• **Record set**
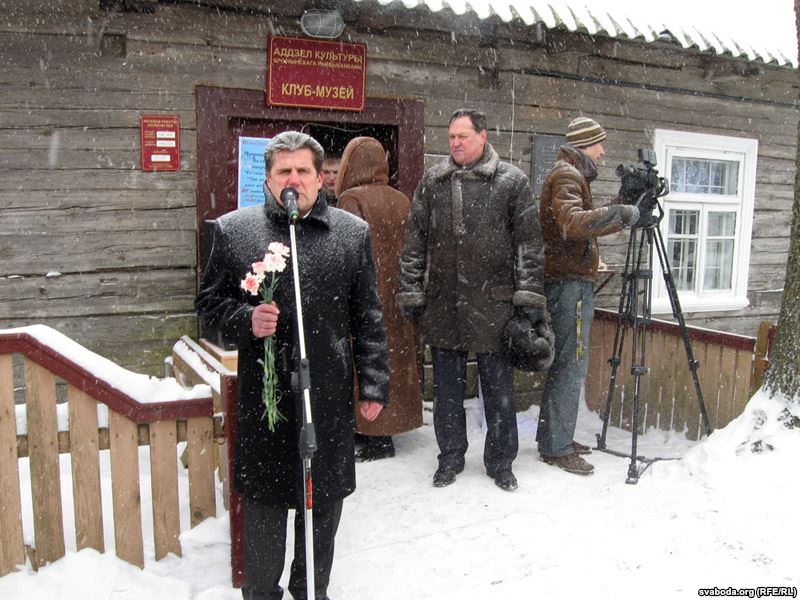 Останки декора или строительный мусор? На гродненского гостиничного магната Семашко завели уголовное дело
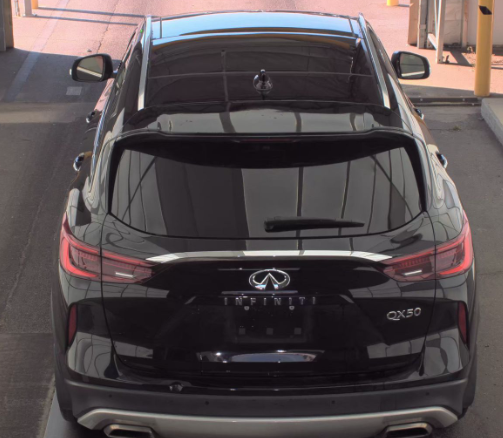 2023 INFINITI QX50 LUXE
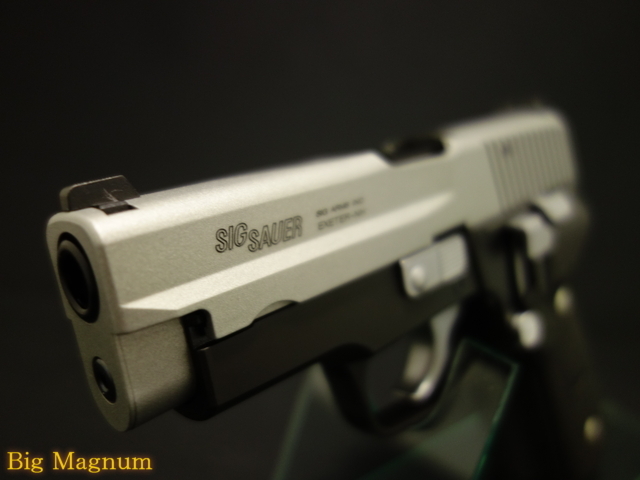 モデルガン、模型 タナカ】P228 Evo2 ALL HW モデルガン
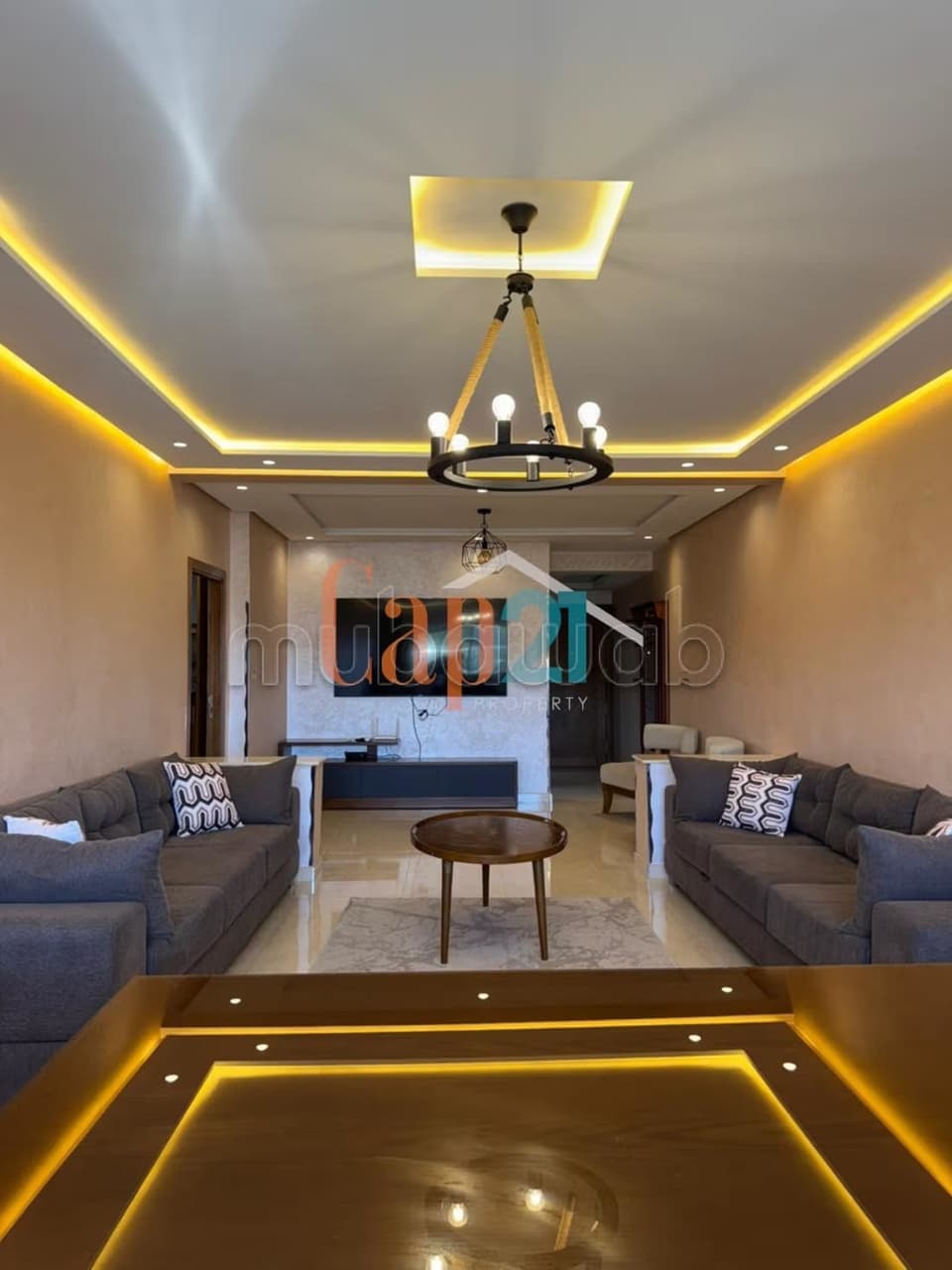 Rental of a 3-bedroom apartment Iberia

---

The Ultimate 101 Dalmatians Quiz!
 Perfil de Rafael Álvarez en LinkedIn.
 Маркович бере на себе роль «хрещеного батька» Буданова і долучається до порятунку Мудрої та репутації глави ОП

--

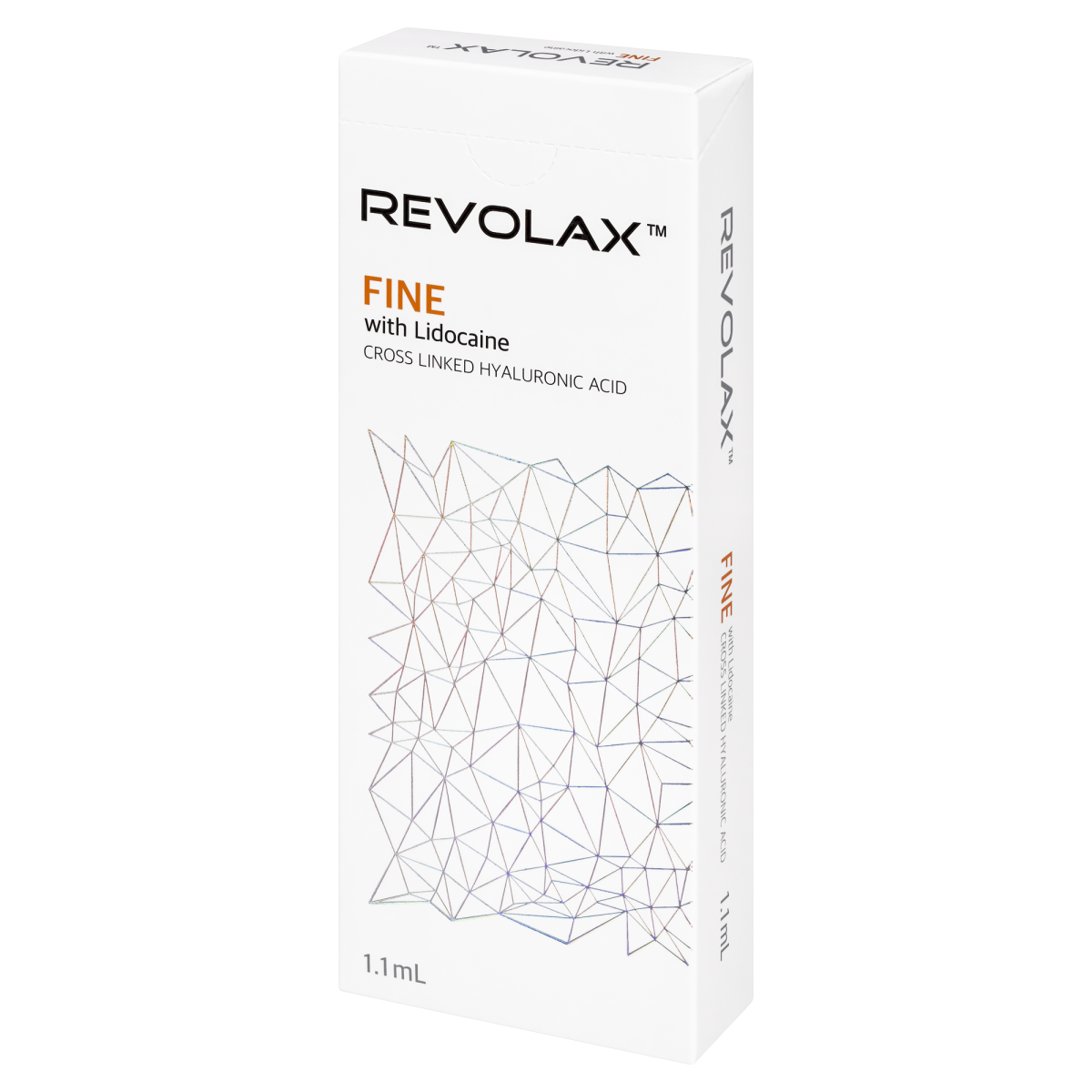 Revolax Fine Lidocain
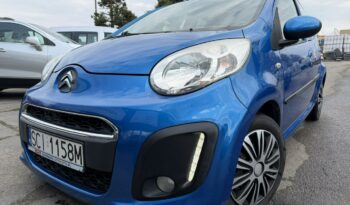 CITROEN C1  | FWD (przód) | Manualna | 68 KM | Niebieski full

• **Task to complete**
Only one part of the material above is wanted: the lines from the one with "2023 INFINITI QX50 LUXE" up to and including the one with "Rental of a 3-bedroom apartment Iberia". Please copy them exactly, pictures left out.

• **Answer to the exercise**
 2023 INFINITI QX50 LUXE
 モデルガン、模型 タナカ】P228 Evo2 ALL HW モデルガン
 Rental of a 3-bedroom apartment Iberia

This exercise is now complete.